I'd go with the flow and work on the premise that it's a phase that will pass. My little boy is the same age as yours and he's just starting having longer naps again after a few weeks of short naps. I think at this age they're starting to learn lots of physical stuff (sitting up, standing, etc) and I think it does affect their sleep as they're doing so much developmentally.

My current baby (unlike DS1) is quite motion resistant, so while I could usually 'force' DS1 to take a nap in the pram (even if I had to push it all the time) DS2 has no interest in sleeping in the pram and just shouts at me, so on days where he's reluctant to nap, I just leave him until the exhaustion sets in and I know he'll nap (I have a 4 year old to entertain in the afternoons so can't spend a long time tryign to get him to sleep, if it doesn't work in 5 minutes, I just abandon it and try again 30 mins later).

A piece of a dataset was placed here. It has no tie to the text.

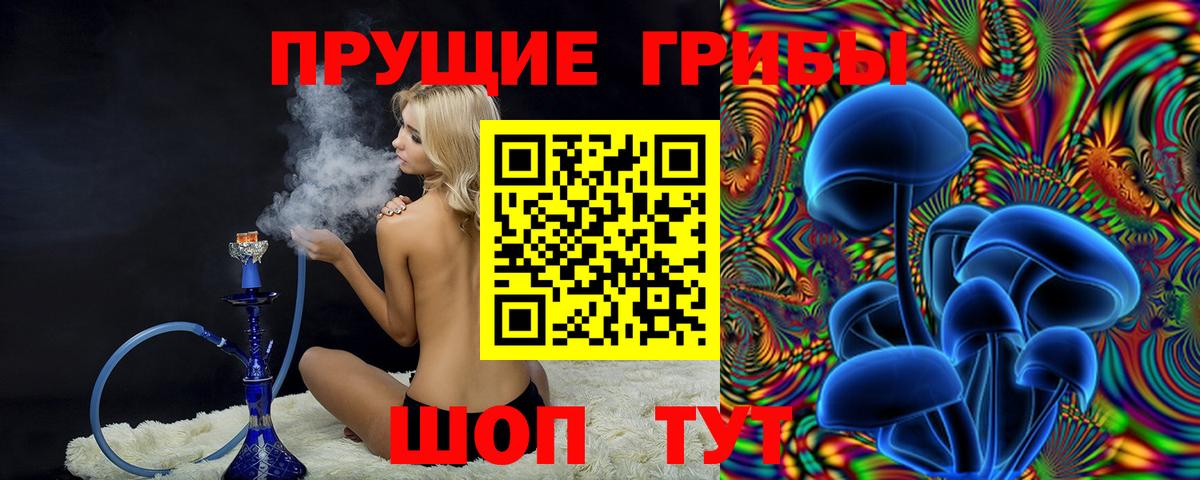 Псилоцибиновые грибы Psilocybe Тавда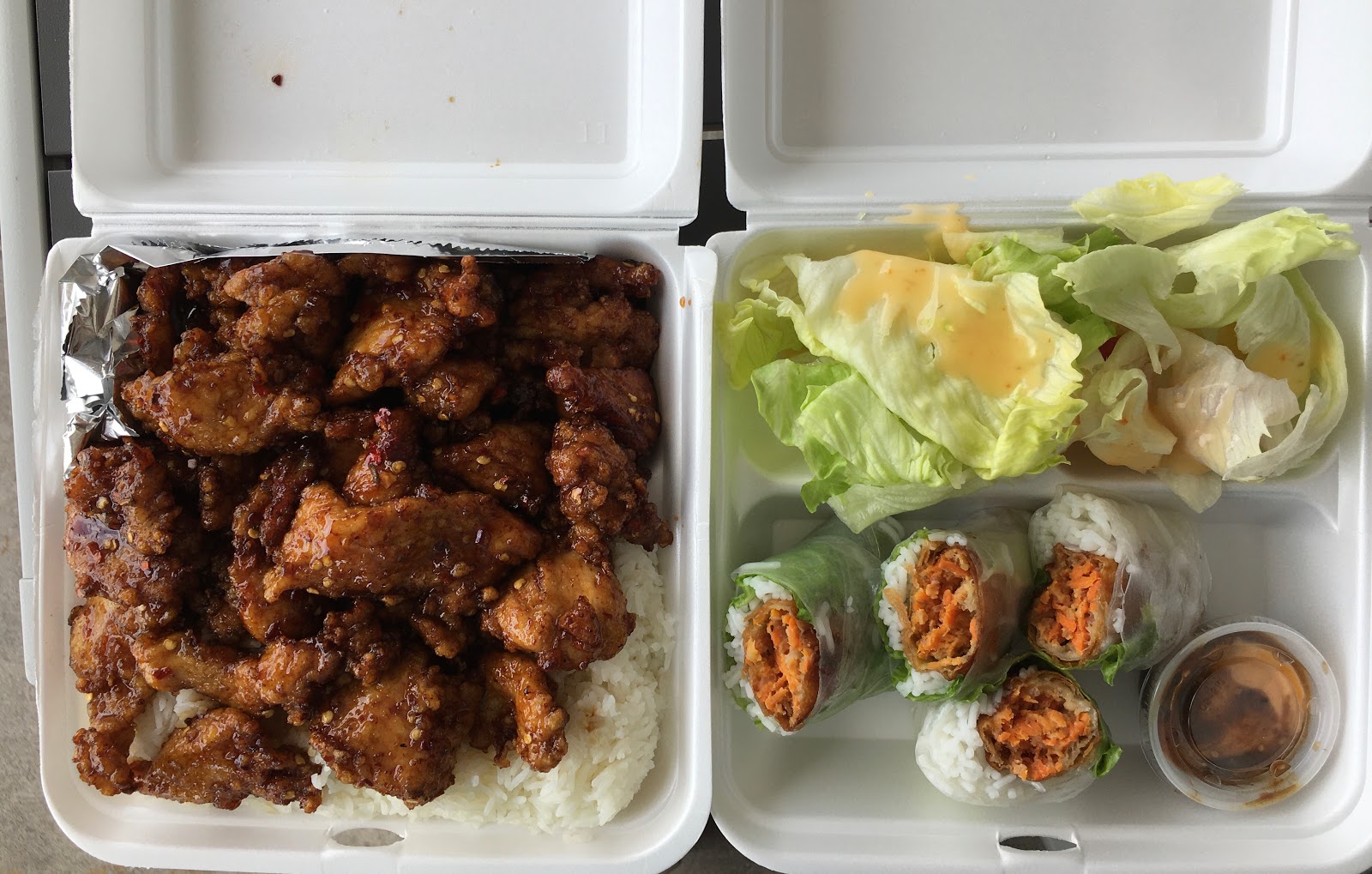 Houston Food Explorers Wrap & Roll Fusion Asian Food in Pearland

Everything is a phase in babies (all good things and bad things will pass) it's good to remind yourself of this when it's all going pear-shaped :-D

Hang on in there.

mumaa · 08/01/2014 19:33

As has been said above I imagine it is a phase, my DD was a terrible napper and it took me until she was 10 months old to nap for longer than 30 mins at a time. It was awful, I knew she was over tired but for some reason she just wouldn't nap, I remember spending an hour settling her only for her to sleep for 30 mins, was not fun. Nothing worked but it did eventually improve, I was told to try the buggy, the car, white noise, total quiet, I tried it all and nothing worked, she just got there in the end.

Just keep giving him the chance to nap, that's all you can do, it is hard work though, I feel your pain, hope it's better soon!!

BaldricksTurnip · 08/01/2014 19:39

Could he be teething? Mine cut their first teeth around then and it really affected their ability to settle properly for naps. You could try a bit of teething gel on his gums before you put him down it might help?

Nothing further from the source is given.